**WHAT THE TASK REQUIRES:**
Please set down exactly the lines from the one that contains "top high flow sink filters" through the end of the material, leaving out every picture.

**EXERCISE DATA:**
__________________________________________________

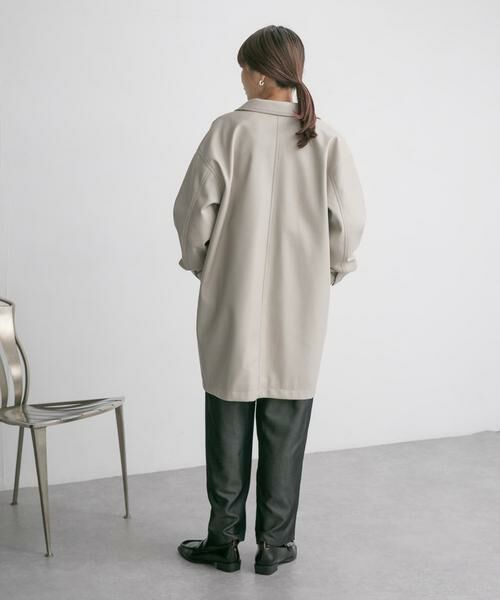 KBF / ケービーエフ その他パンツ | コクーンシルエットパンツ | 詳細29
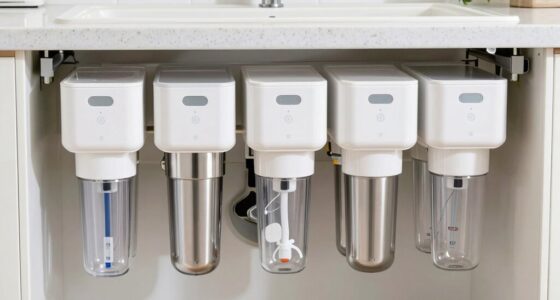 top high flow sink filters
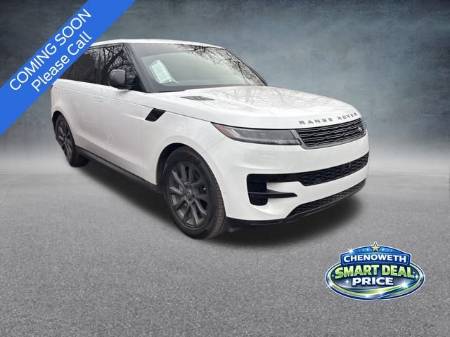 2025 Land Rover Range Rover Sport S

__________________________________________________

**ANSWER BOX:**
 top high flow sink filters
 2025 Land Rover Range Rover Sport S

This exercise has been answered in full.